Dünyayı karıştıran bir el var. Bu el, zaaflarımızı kontrol altında tutuyor. Toplumları derecelendirmiş. Önünü ve arkasını görüyor. Yüz yıllık planlar yapıyor. Dev projeleri var. Batıl da olsa kendi inandıklarına iman etmiş. İnandırmış çevresini. Dümdüz gidiyor. Adı bazen Soros olmuş. Bazen Hans. Hans ile Hasan’ın hikâyesini anlatmıştım sizlere. Her ikisi de Almanya’da komşudurlar, aynı işyerine gidip gelirler. Hans, Müslüman olmak ister. Hasan’ı yakın takibe alır. Ancak, Hasan’ı kendinden farklı görmez. Sonunda, Müslüman olmaktan vazgeçer… Hikâye uzundur, biz konunun özüne geçelim.

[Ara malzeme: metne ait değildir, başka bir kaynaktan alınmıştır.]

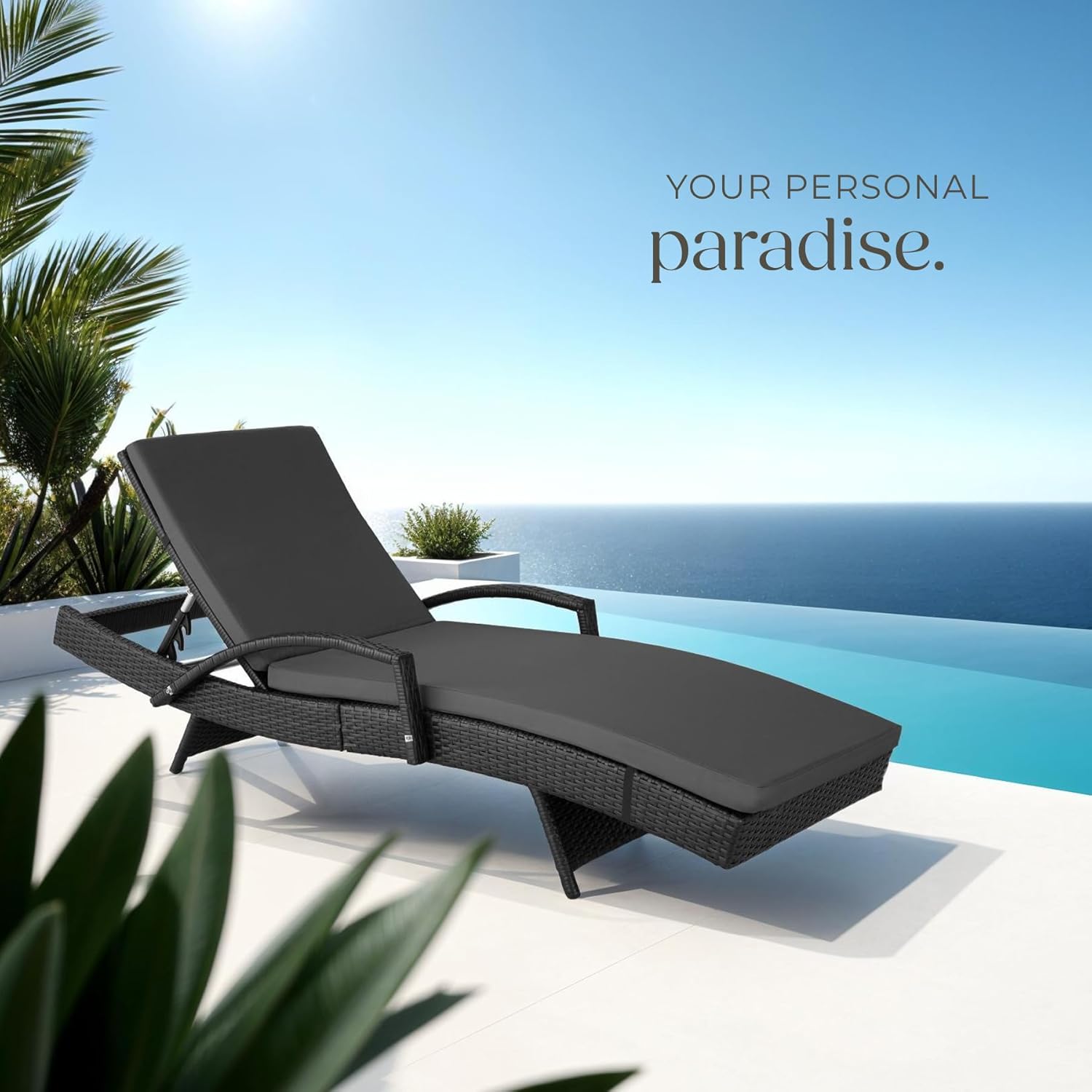 Rattan Sun Lounger 5 Position Recliner Cushion Black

EĞİTİM ŞART Bizim en büyük sorunumuz cehalet diye söze başlayan öğretmene, öğrencisi sorar; Öğretmenim ben nasıl bir insan olayım? Çok çalışmalısın. Sonra, bilgili ol, zengin ol, hayırsever olursan daha da iyi olur. Yeter mi öğretmenim? -Yetmez tabi diye ekliyor. Açıyor biraz konuyu. Bir insan öncelikle güzel ahlaklı olmalı ki, iyiliği yaygınlaştırsın. Sonra bilgili olmalı, çünkü bilgi güçtür, kuvvettir. Aynı zamanda üretken, zengin, vatansever ve hayırsever olmalıdır. Ayrıca bir insan büyüklerine karşı SAYGILI Arkadaşına karşı, NAZİK Küçüklerine karşı ise ŞEVKATLİ davranmalı…”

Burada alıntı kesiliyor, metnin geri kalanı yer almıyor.